Tag: Linear Regression, Assumptions, Statistics, Data Analysis

  • What Are the Assumptions of Linear Regression, and How Would You Validate Them in a Model?

    Linear regression is a widely used statistical method for modeling the relationship between a dependent variable and one or more independent variables. It relies on several key assumptions:

    1. **Linearity**: The relationship between the independent and dependent variables should be linear. You can validate this assumption by creating scatter plots.

    2. **Independence**: The residuals (errors) should be independent. This can be checked using the Durbin-Watson test.

    3. **Homoscedasticity**: The residuals should have constant variance at all levels of the independent variables.

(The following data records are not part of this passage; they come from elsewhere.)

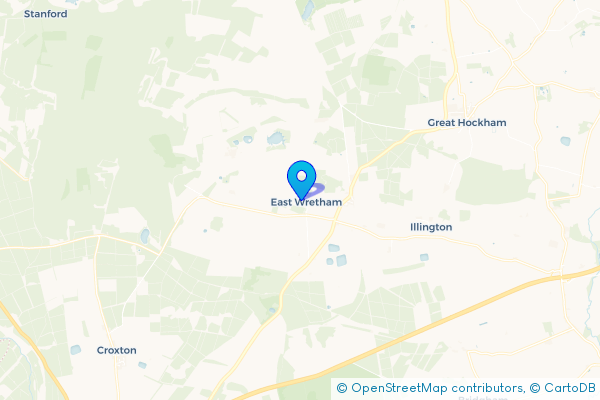 Van Hire in East Wretham, Norfolk, England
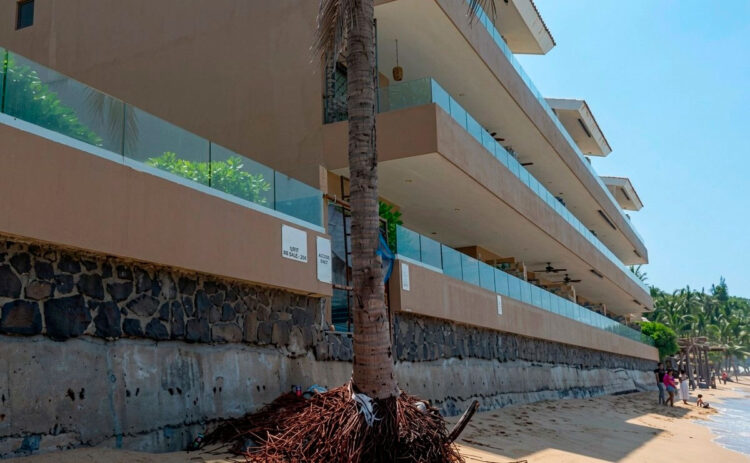 Gana Profepa litigio; ratifica el tribunal la demolición de torres en Punta Paraíso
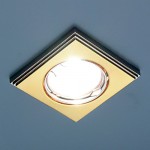 Светильник Elektrostandard 105A SG-N сатин золото/никель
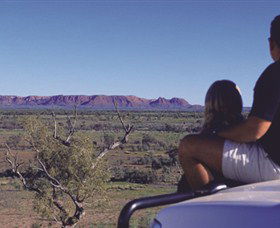 Tnorala/Gosse Bluff Conservation Reserve - Darwin Tourism 0
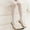 white, variant on Children Girl Gift Elasticity Summer Socks Children's Tights Girls Stocking Mesh Pantyhose Soft Hosiery BLACK L
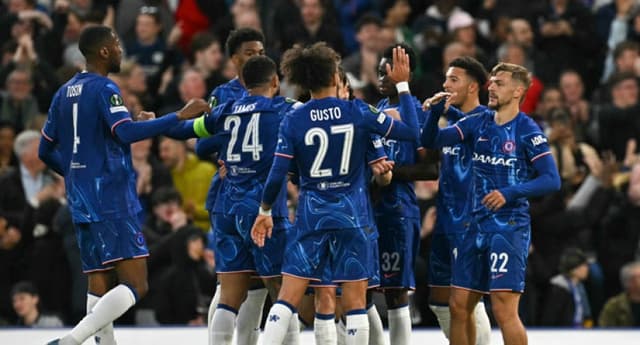 Chelsea ease past Djurgarden to reach Conference League final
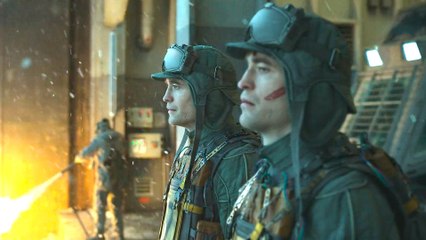 Get Tickets Now for Mickey 17 with Robert Pattinson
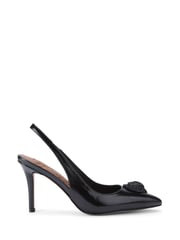 KG Kurt Geiger Belgravia Sling Back Heels - Image 2 of 5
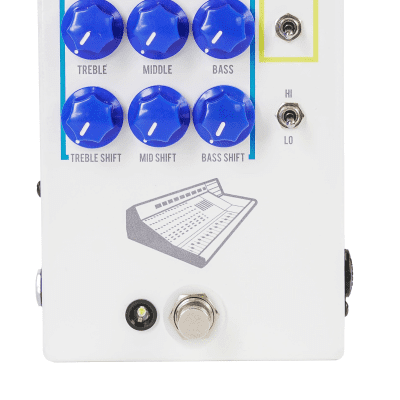 JHS Colour Box V2 | Reverb Canada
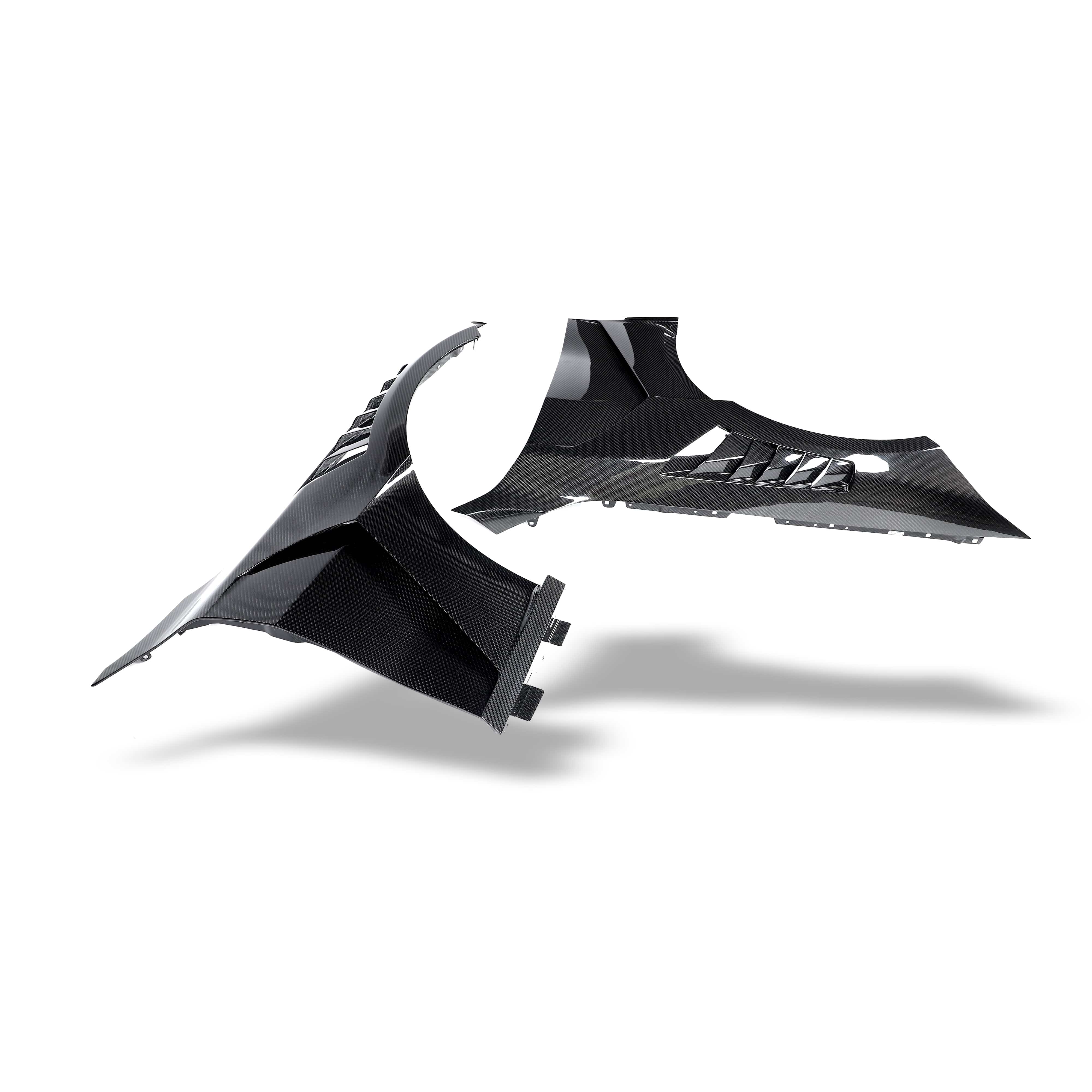 Revozport Fender BMW M4 G82 Carbon Fiber Front Fenders Replacement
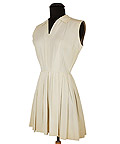 A PLACE IN THE SUN - White Tennis Dress Made for Elizabeth Taylor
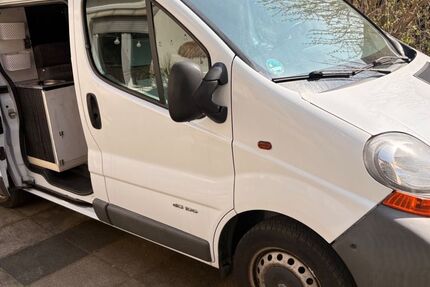 Renault Trafic 306.000 km 10.099 &euro; Winterberg 59955
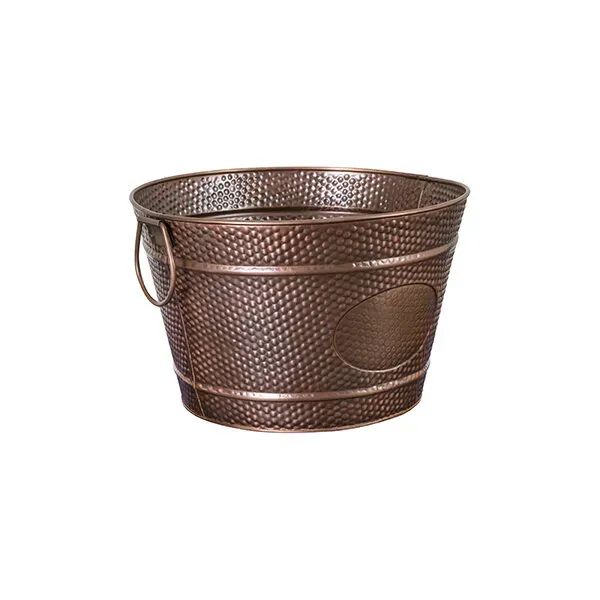 Beverage Tub-Antique | Round | 350x220mm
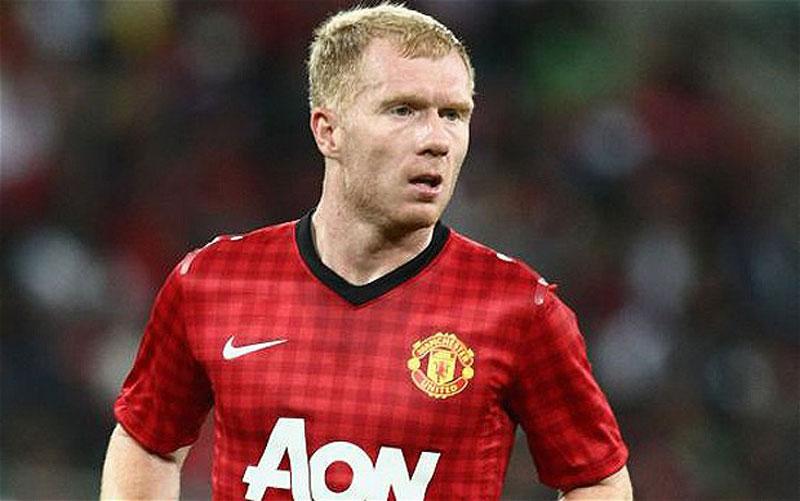 TeleFootball's tweet photo. To mark his 40th birthday, here are some of the best quotes about Paul Scholes http://t.co/MMfsi4K90J #babb http://t.co/rFhVIOEa57
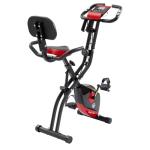 Magic Life Folding Exercise Bike with 10 Resistance Levels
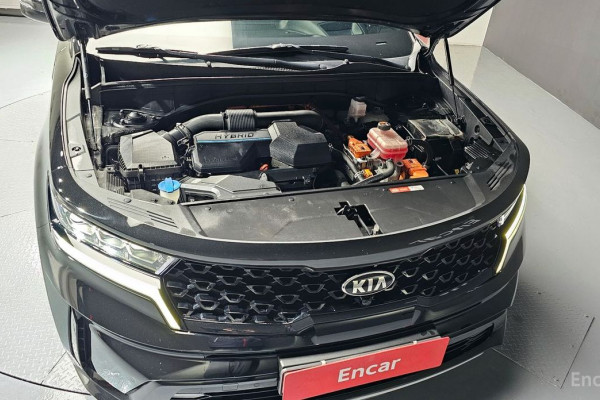 2021 Kia Sorento с пробегом 142 773 км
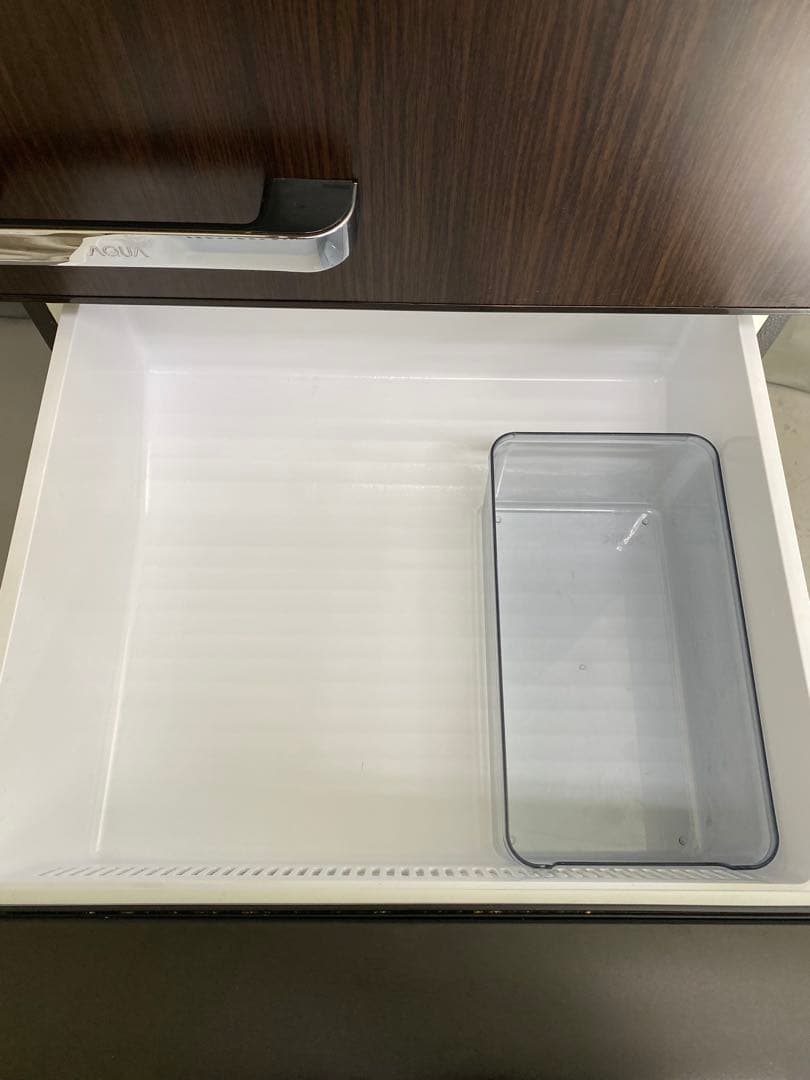 AQUA 大型冷蔵庫 430L 右開き　保証込み　高年式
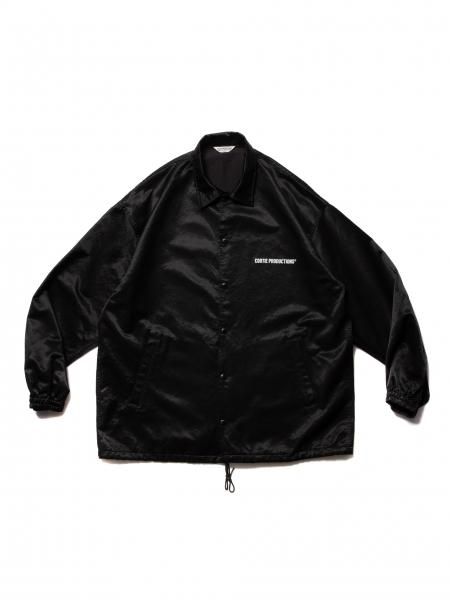 COOTIE 21AW R/C Satin Coach Jacket XL 美品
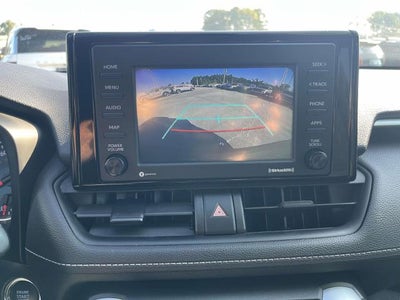 2021 Toyota RAV4 XLE FWD (GS)
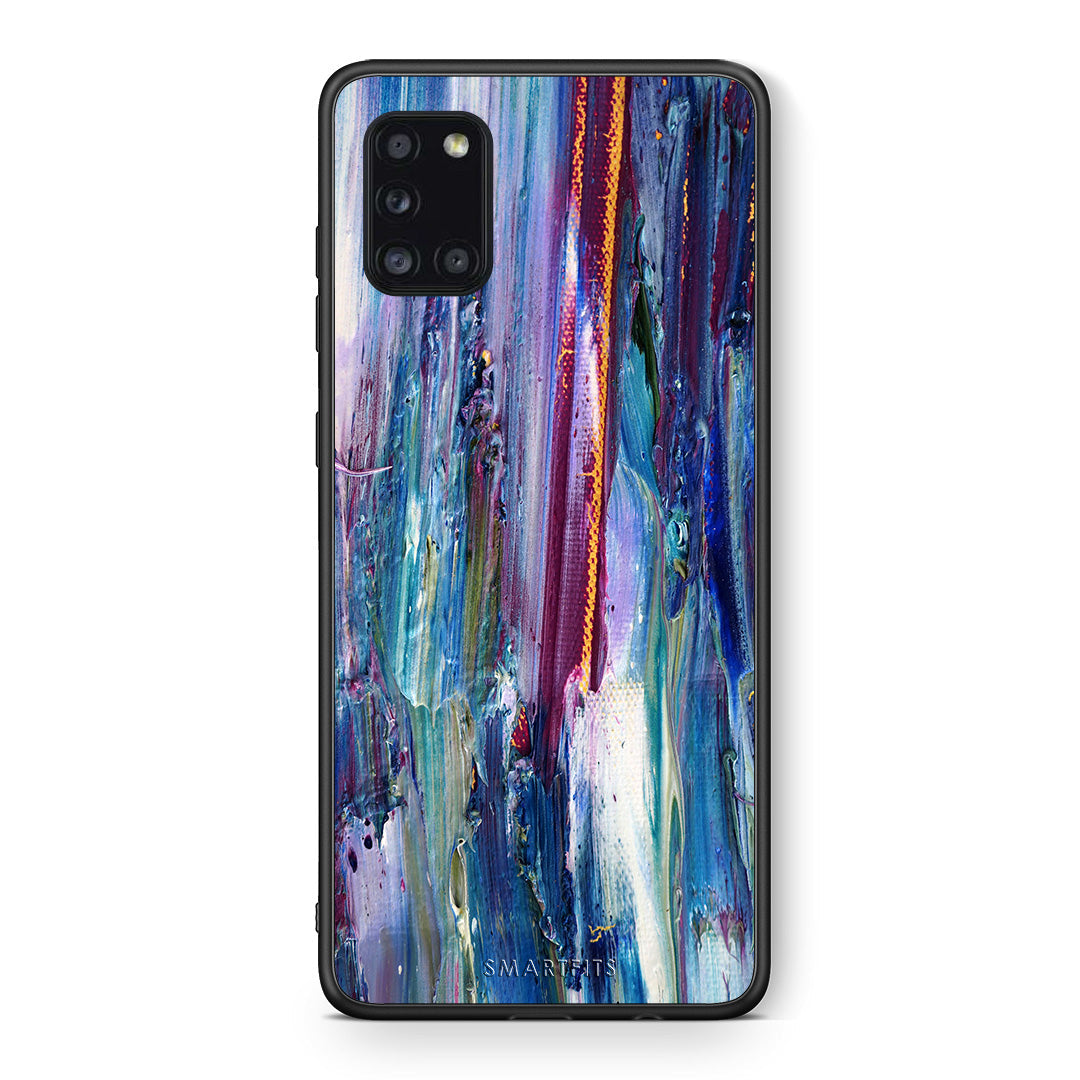 Paint Winter - Samsung Galaxy A31 θήκη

A residual plot can help check for this.

    4. **Normality**: The residuals should be normally distributed. This can be assessed using a Q-Q plot or the Shapiro-Wilk test.

    5. **No Multicollinearity**: Independent variables should not be too highly correlated. Variance Inflation Factor (VIF) can be used to check for multicollinearity.

    Here’s an example of validating assumptions using Python and the `statsmodels` library:


    import statsmodels.api as sm
    import matplotlib.pyplot as plt
    import numpy as np

    # Sample data
    X = np.random.rand(100)
    Y = 2 * X + np.random.normal(0, 0.1, 100)

    # Fit linear regression model
    X = sm.add_constant(X) # Adds a constant term to the predictor
    model = sm.OLS(Y, X).fit()

    # 1. Check linearity with scatter plot
    plt.scatter(X[:, 1], Y)
    plt.plot(X[:, 1], model.predict(X), color='red')
    plt.title('Linearity Check')
    plt.xlabel('Independent Variable')
    plt.ylabel('Dependent Variable')
    plt.show()

    # 2. Residuals vs Fitted plot for homoscedasticity
    plt.scatter(model.predict(X), model.resid)
    plt.axhline(0, linestyle='--', color='red')
    plt.title('Residuals vs Fitted')
    plt.xlabel('Fitted Values')
    plt.ylabel('Residuals')
    plt.show()

    6. **Conclusion**: Validating the assumptions of linear regression is crucial for the model’s reliability. By ensuring these assumptions hold, you can make more accurate predictions and draw meaningful conclusions.